Ce côté naïf ne pouvait que trouver une traduction dans la magie. James Cameron est allé le chercher dans le fond féerique. La bataille - entre d'une part les méchants militaires irrationnels et sans âme, et d'une autre part, les Aliens, les bons enfants de la nature et les hommes de science et du savoir - se résout grâce à une intervention divine de mère Nature suite à un moment de recueillement du Marine Jake Sully, alias Sam Worthington. Instant pendant lequel il est rentré en communion mystique avec le Monde-Nature après avoir été initié à ne le nommer que "chez soi" ou en anglais "Home". Finalement, Jake rentre définitivement dans la peau du mythique protecteur de cette population des Omaticaya et chasse les conquérants des terres de Pandora.

La fin en conte de fée renoue avec les émotions recherchées et provoquées par la technologie. Comme le récit féerique, la 3D transporte le spectateur en dehors de la réalité concrète. L'effet extraordinaire de l'image, la musique envoûtante et le travail extrêmement minutieux du son mis à part, le récit risque d'être d'un grand ennui. L'image extrêmement sophistiqué additionnée aux schèmes sensori-moteurs hérités du patrimoine narratif agissent sur les sens et sur l'esprit jusqu'au désarmement totale du spectateur. Le résultat final est une adhésion finale à un monde de mensonge réel. On est pris au piège matérialisé par ces lunettes bizarres qu'on délivre à l'entrée de la salle pour pouvoir apprécié la 3D à son juste effet.

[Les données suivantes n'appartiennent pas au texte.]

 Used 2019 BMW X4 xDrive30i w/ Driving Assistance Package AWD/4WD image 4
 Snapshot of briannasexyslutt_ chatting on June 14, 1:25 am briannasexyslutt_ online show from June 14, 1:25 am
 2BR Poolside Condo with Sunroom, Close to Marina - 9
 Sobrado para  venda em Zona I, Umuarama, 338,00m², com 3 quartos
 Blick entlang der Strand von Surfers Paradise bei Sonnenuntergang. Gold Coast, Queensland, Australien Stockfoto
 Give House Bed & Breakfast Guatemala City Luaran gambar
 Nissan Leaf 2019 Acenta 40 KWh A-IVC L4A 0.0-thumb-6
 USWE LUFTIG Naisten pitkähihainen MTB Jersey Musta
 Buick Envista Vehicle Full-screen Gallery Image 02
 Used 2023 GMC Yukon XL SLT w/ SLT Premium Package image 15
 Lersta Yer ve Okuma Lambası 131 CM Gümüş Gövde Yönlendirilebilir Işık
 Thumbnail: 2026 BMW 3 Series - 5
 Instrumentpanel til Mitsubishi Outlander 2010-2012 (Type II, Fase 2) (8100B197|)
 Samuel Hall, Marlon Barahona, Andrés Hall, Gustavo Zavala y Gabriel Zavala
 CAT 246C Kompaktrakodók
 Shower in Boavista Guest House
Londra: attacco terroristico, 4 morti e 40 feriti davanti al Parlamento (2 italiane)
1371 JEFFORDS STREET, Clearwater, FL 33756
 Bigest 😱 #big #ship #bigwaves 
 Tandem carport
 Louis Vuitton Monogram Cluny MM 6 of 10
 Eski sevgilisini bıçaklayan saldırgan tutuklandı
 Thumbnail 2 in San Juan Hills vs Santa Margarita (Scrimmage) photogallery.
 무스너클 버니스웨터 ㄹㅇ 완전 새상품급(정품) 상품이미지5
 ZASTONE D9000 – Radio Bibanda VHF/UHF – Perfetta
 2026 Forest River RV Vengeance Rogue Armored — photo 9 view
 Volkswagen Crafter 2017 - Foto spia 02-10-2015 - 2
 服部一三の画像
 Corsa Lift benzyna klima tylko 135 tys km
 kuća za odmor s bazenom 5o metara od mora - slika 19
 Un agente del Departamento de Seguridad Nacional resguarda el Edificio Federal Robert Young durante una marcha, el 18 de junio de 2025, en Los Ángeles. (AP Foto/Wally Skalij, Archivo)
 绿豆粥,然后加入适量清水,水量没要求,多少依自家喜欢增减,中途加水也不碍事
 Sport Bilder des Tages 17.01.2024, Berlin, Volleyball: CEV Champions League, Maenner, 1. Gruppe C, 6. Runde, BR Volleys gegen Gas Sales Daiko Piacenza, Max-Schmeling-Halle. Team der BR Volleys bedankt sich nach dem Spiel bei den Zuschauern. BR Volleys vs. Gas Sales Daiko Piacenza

Drôle d'effet que de sentir qu'on se laisse volontiers prendre par le piège, plus encore on met beaucoup d'énergie pour avoir l'une des dernières places qui restent dans la salle. En ce début d'année, le film fait salle pleine presque partout. Jusqu'où ira-t-on dans la recherche de cette prise sur le spectateur ? Et à quel prix ? Ce film est l'exemple typique de la machine encore plus gigantesque et qui est de plus en plus sophistiquée pour contrôler nos esprits et réduire le fonctionnement de la pensée au jeu vidéo. Dès lors, le prix vaut plus que le budget de ce film où finalement, il y a moins de place pour Nintendo que pour le cinéma.

On parlera certainement longtemps de ce film dans l'histoire de la consommation, mais très peu dans celle de l'art comme une œuvre d'art.